Policiais colocaram o corpo na ambulância já com uma manta utilizada para cobrir cadáveres, dizem testemunhas. Depois da morte, moradores da região foram agredidos
por Claudia Belfort e Luís Adorno no Ponte
Agentes da PM-SP (Polícia Militar do Estado de São Paulo) mataram o adolescente Lucas Custódio dos Santos, de 14 anos, por volta das 14h desta quarta-feira (27) em um terreno baldio na Favela do Sucupira, região do Grajaú, zona sul da capital. Segundo primos e um irmão do jovem, Lucas voltava de um jogo de futebol quando tomou um tiro na perna. Depois do primeiro disparo, assustado, ele tentou fugir e foi alvejado. Testemunhas relatam que policiais militares dispararam seis vezes contra o rapaz, acertando três tiros, um na perna e dois no abdômen.
De acordo com a corporação, dois adolescentes foram abordados e tentaram fugir, um conseguiu escapar.
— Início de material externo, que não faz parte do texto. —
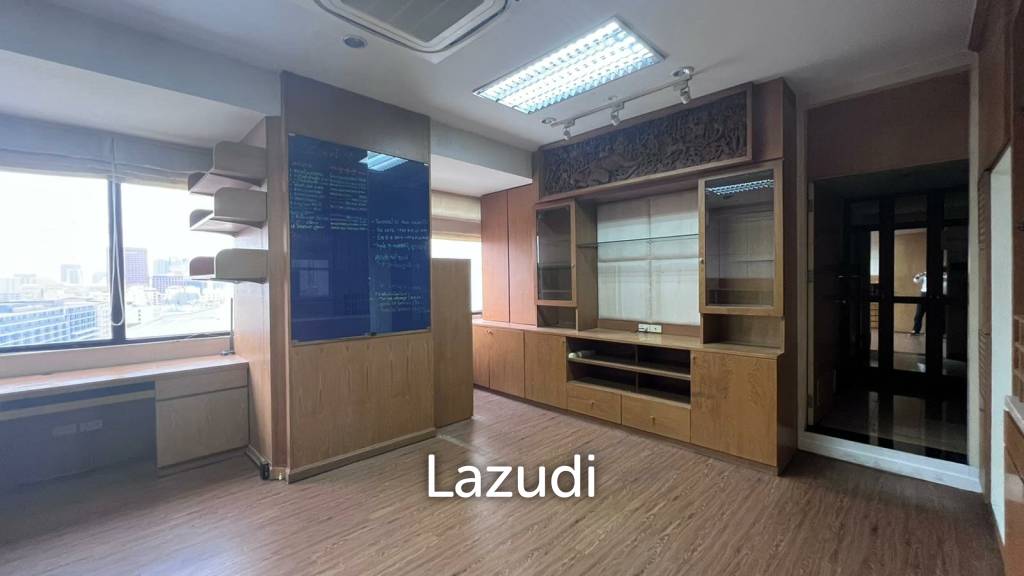 Office For Rent At RS Tower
A PM afirma que Lucas foi socorrido e levado ao Hospital Maria Antonieta, mas um vídeo, obtido com exclusividade pela Ponte Jornalismo, mostra que o corpo do jovem estava envolto com uma manta térmica e segundo os moradores, ele deixou o terreno já coberto por essa manta, como um cadáver.
Moradores afirmaram, ainda, que um dos policiais envolvidos no caso colocou as mãos na cabeça e disse estar arrependido do que fez. O caso foi registrado no 101o DP (Distrito Policial).
A reportagem pediu explicações à Polícia Militar, à 1h44 desta quinta-feira (28). Às 3h22, a corporação respondeu que “a Polícia Militar esclarece, em nome da transparência que lhe é peculiar, que o respectivo pedido de informação não oferece tempo hábil para o devido levantamento acerca do fato noticiado. Em respeito ao público leitor, encaminharemos a demanda ao Comando local, e responderemos, dentro da razoabilidade, assim que dispusermos dos dados a respeito.” Em contra resposta, a reportagem da Ponte afirmou que, assim que a corporação tiver uma versão para o fato, a matéria será atualizada.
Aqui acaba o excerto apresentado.